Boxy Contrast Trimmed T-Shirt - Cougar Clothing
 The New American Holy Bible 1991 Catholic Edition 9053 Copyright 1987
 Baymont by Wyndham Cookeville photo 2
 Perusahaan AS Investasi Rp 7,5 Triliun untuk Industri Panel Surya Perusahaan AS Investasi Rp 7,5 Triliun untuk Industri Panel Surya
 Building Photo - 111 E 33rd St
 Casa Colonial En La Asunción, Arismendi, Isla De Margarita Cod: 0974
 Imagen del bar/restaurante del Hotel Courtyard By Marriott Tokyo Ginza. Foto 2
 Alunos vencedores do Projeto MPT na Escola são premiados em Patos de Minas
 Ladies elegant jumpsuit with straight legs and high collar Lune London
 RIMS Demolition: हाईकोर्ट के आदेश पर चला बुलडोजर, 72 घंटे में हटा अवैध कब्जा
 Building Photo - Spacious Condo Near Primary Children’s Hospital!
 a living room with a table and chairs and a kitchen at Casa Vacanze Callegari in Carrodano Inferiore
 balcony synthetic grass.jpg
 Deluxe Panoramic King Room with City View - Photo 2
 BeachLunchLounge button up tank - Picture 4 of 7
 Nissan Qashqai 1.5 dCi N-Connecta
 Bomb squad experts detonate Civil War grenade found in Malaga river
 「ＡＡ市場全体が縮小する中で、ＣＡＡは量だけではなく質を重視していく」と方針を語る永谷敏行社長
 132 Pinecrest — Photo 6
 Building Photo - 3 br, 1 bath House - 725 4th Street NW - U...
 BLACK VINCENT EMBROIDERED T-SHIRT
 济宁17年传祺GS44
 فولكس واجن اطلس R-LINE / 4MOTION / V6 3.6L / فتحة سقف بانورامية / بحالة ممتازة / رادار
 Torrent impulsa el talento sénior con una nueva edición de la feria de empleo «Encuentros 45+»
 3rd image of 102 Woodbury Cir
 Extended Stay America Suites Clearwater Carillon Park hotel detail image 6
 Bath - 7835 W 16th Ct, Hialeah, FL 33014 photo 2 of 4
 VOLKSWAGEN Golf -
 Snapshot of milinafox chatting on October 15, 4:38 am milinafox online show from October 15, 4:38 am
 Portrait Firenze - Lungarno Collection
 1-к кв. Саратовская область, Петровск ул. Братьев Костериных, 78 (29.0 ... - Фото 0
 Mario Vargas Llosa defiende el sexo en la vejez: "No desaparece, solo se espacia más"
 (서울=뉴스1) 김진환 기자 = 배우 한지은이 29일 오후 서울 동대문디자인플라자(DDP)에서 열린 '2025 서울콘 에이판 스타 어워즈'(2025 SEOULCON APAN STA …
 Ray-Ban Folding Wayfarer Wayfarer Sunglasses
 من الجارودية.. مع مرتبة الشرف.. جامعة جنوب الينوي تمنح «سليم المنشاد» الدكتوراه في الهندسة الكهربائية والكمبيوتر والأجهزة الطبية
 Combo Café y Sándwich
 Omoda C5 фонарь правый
-------
→ **Exercise instructions**
Your answer must be the complete data, repeated word for word.

→ **Solution below**
Boxy Contrast Trimmed T-Shirt - Cougar Clothing
 The New American Holy Bible 1991 Catholic Edition 9053 Copyright 1987
 Baymont by Wyndham Cookeville photo 2
 Perusahaan AS Investasi Rp 7,5 Triliun untuk Industri Panel Surya Perusahaan AS Investasi Rp 7,5 Triliun untuk Industri Panel Surya
 Building Photo - 111 E 33rd St
 Casa Colonial En La Asunción, Arismendi, Isla De Margarita Cod: 0974
 Imagen del bar/restaurante del Hotel Courtyard By Marriott Tokyo Ginza. Foto 2
 Alunos vencedores do Projeto MPT na Escola são premiados em Patos de Minas
 Ladies elegant jumpsuit with straight legs and high collar Lune London
 RIMS Demolition: हाईकोर्ट के आदेश पर चला बुलडोजर, 72 घंटे में हटा अवैध कब्जा
 Building Photo - Spacious Condo Near Primary Children’s Hospital!
 a living room with a table and chairs and a kitchen at Casa Vacanze Callegari in Carrodano Inferiore
 balcony synthetic grass.jpg
 Deluxe Panoramic King Room with City View - Photo 2
 BeachLunchLounge button up tank - Picture 4 of 7
 Nissan Qashqai 1.5 dCi N-Connecta
 Bomb squad experts detonate Civil War grenade found in Malaga river
 「ＡＡ市場全体が縮小する中で、ＣＡＡは量だけではなく質を重視していく」と方針を語る永谷敏行社長
 132 Pinecrest — Photo 6
 Building Photo - 3 br, 1 bath House - 725 4th Street NW - U...
 BLACK VINCENT EMBROIDERED T-SHIRT
 济宁17年传祺GS44
 فولكس واجن اطلس R-LINE / 4MOTION / V6 3.6L / فتحة سقف بانورامية / بحالة ممتازة / رادار
 Torrent impulsa el talento sénior con una nueva edición de la feria de empleo «Encuentros 45+»
 3rd image of 102 Woodbury Cir
 Extended Stay America Suites Clearwater Carillon Park hotel detail image 6
 Bath - 7835 W 16th Ct, Hialeah, FL 33014 photo 2 of 4
 VOLKSWAGEN Golf -
 Snapshot of milinafox chatting on October 15, 4:38 am milinafox online show from October 15, 4:38 am
 Portrait Firenze - Lungarno Collection
 1-к кв. Саратовская область, Петровск ул. Братьев Костериных, 78 (29.0 ... - Фото 0
 Mario Vargas Llosa defiende el sexo en la vejez: "No desaparece, solo se espacia más"
 (서울=뉴스1) 김진환 기자 = 배우 한지은이 29일 오후 서울 동대문디자인플라자(DDP)에서 열린 '2025 서울콘 에이판 스타 어워즈'(2025 SEOULCON APAN STA …
 Ray-Ban Folding Wayfarer Wayfarer Sunglasses
 من الجارودية.. مع مرتبة الشرف.. جامعة جنوب الينوي تمنح «سليم المنشاد» الدكتوراه في الهندسة الكهربائية والكمبيوتر والأجهزة الطبية
 Combo Café y Sándwich
 Omoda C5 фонарь правый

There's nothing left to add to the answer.